---------- Listed records ----------

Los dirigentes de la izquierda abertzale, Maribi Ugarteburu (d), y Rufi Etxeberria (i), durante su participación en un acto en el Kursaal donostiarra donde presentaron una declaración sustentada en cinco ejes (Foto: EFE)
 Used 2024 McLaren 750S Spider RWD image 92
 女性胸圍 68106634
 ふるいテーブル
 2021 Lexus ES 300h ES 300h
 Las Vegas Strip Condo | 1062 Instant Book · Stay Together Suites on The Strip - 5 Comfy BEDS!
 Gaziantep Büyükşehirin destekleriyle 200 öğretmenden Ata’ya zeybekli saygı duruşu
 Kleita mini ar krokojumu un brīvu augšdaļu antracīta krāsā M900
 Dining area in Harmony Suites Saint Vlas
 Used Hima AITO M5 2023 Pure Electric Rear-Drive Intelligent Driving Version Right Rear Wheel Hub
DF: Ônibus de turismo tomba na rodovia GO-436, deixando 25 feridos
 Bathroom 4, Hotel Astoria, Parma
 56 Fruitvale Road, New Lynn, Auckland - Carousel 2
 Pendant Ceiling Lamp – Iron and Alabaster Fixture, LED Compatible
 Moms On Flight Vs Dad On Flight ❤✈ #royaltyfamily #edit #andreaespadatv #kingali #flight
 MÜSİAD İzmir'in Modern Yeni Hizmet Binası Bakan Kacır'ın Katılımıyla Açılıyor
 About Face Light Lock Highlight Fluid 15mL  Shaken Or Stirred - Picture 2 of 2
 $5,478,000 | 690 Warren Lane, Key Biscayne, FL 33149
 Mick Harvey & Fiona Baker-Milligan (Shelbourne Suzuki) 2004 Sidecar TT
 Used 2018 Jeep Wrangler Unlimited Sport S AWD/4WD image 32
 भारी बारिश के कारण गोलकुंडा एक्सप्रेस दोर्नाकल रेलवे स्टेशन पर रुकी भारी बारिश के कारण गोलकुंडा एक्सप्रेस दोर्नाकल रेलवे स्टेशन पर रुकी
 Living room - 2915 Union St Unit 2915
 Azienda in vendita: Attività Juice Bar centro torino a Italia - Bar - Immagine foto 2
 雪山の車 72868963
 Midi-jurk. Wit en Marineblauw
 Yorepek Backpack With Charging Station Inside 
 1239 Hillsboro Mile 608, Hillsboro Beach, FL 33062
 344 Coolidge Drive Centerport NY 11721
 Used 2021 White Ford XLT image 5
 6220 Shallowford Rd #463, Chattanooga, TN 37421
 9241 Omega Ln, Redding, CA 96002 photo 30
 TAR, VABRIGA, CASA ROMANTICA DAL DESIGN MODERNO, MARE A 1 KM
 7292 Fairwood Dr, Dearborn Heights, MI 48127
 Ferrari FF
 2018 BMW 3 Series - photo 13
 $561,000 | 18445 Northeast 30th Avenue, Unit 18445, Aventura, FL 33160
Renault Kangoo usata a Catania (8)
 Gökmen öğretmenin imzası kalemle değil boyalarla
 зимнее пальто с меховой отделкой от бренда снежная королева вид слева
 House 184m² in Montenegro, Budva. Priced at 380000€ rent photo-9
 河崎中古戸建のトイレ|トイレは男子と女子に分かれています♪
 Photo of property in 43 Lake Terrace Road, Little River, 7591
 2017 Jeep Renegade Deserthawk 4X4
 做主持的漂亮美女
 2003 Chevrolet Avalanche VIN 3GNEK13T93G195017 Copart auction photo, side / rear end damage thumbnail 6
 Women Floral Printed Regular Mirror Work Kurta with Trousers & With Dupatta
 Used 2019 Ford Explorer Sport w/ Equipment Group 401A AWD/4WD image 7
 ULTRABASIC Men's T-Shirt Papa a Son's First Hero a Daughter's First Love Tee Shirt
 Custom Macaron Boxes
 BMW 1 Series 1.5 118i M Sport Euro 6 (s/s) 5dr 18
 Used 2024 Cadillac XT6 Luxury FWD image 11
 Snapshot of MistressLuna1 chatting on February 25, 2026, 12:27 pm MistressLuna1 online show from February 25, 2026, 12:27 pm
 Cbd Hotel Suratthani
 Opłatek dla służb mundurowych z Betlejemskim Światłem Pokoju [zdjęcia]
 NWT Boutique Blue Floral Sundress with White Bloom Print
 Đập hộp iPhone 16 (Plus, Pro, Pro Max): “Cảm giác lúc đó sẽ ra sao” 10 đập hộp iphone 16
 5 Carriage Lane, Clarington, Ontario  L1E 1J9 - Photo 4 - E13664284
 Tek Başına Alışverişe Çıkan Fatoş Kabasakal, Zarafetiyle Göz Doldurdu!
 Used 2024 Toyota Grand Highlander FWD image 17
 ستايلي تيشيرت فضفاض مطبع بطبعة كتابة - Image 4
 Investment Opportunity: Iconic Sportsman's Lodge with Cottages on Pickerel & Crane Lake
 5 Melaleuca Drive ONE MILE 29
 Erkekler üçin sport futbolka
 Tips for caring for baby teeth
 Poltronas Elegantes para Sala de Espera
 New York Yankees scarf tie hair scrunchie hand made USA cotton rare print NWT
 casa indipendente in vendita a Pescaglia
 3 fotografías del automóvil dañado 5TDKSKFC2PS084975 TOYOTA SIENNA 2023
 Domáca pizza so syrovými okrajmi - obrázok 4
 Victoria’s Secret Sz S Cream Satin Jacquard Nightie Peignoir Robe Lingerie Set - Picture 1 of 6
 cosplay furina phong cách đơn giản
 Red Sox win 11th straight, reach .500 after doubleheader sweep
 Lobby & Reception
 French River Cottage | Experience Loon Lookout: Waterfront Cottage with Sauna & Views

----------

Problem: From the line holding "Photo of property" to the line holding "Used 2024 Cadillac XT6 Luxury FWD image 11", inclusive, restate each line above exactly as written.

Solution to this exercise:
 Photo of property in 43 Lake Terrace Road, Little River, 7591
 2017 Jeep Renegade Deserthawk 4X4
 做主持的漂亮美女
 2003 Chevrolet Avalanche VIN 3GNEK13T93G195017 Copart auction photo, side / rear end damage thumbnail 6
 Women Floral Printed Regular Mirror Work Kurta with Trousers & With Dupatta
 Used 2019 Ford Explorer Sport w/ Equipment Group 401A AWD/4WD image 7
 ULTRABASIC Men's T-Shirt Papa a Son's First Hero a Daughter's First Love Tee Shirt
 Custom Macaron Boxes
 BMW 1 Series 1.5 118i M Sport Euro 6 (s/s) 5dr 18
 Used 2024 Cadillac XT6 Luxury FWD image 11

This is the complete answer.